Because welding machines need low voltage-high current, the secondary is going to be rewound with a 4 AWG wire that has a current rating of 95A. Due to the thickness of the wire, it is impossible to get 20 turns in the M.O.T. core as it currently is. The diameter of the wire is 5/16" and will wrap side-by-side in the core twice. As the transformers currently sit it is possible to approximately get 4 layers of wraps for 8-9 total turns on a single E.I. M.O.T. core. To get an amperage low enough for the cable rating, I think I need approximately 20 turns. (At school I rarely go over 95 A using 1/8" rod and probably won't be using more than a 3/32" on my DIY welder. (welding sounded like a cool thing to do with my summer break)). However, if I combine two practically identical E cores from the M.O.T., I calculated that I can fit 22 turns around their cores with them put together.

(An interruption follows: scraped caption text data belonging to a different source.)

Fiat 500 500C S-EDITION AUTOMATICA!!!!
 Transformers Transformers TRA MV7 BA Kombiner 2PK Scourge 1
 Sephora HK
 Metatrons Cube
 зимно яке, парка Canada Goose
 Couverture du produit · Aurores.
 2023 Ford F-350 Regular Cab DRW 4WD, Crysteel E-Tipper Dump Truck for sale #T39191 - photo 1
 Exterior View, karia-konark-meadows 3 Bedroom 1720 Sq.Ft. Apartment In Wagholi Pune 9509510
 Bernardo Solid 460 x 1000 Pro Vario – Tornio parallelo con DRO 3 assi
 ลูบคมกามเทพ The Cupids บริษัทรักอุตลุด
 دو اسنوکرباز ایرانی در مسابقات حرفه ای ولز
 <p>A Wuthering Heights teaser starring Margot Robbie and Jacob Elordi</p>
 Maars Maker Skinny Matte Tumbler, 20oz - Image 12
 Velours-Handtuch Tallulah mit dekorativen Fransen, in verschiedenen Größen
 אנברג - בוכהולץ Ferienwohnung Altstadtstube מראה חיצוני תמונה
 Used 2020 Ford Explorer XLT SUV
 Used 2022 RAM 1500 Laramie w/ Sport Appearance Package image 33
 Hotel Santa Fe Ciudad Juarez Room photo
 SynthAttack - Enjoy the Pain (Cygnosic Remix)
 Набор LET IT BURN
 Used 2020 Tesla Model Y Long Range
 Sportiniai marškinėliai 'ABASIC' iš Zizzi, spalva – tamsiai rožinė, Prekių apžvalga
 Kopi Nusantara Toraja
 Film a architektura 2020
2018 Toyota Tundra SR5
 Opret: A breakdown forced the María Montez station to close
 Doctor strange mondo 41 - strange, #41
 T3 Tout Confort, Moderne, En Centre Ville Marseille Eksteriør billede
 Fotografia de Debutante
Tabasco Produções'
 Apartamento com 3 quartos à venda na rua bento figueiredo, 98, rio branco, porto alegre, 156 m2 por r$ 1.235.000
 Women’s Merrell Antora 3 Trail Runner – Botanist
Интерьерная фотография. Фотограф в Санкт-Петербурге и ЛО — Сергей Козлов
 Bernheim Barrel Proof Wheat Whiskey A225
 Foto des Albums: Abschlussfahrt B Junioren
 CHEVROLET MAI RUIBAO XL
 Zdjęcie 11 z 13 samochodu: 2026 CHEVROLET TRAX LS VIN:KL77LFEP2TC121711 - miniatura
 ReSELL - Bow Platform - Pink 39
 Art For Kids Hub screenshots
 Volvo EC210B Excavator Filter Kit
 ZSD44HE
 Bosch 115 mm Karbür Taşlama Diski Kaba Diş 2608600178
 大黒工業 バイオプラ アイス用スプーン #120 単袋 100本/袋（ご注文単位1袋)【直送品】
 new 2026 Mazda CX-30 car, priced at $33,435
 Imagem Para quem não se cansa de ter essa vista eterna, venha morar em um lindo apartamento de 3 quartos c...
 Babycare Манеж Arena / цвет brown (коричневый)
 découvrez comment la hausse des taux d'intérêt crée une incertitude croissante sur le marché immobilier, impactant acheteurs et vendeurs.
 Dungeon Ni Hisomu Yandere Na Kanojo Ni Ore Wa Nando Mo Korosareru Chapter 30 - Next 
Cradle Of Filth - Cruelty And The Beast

From what I have put together, this sounds to me like a good idea to reduce saturation (still trying to figure out the physics behind this because our semester was shortened), copper loss, and to allow for the thicker gauge wire to fit in. I thought about using magnet wire, but to get to a 4 gauge there it appears that I would have to use a Litz wire. This would be my first time using magnet wire, but I did try to salvage some from a core that I cut open and twisted 8 16 gauge wires together to get an overall 7 gauge (it was too stiff to use in one core.) A side note on that, molten NaOH (sodium hydroxide) will do work on the enamel that coats the copper wire.

I have enough M.O.T.'s that I can stack two cores and have two transformers to run in parallel on the mains (120v), and series on the secondaries (unless someone wants to talk me into running the mains in series and plugging them up to a 240v outlet). I intend on using a 300A 1600V bridge rectifier to convert to DC then a choke/inductor and maybe 3 6000uF 50V Electrolytic Capacitors that are available to smooth out the ripple. Once I make it to this point I would like to install a power control circuit to control the power input to the primary coil variably limiting the output on the secondaries. Then I feel like a 555 timer would make a nice duty cycle but I've only watched two videos on that and still don't have anything to use it for yet.

Thanks in advance.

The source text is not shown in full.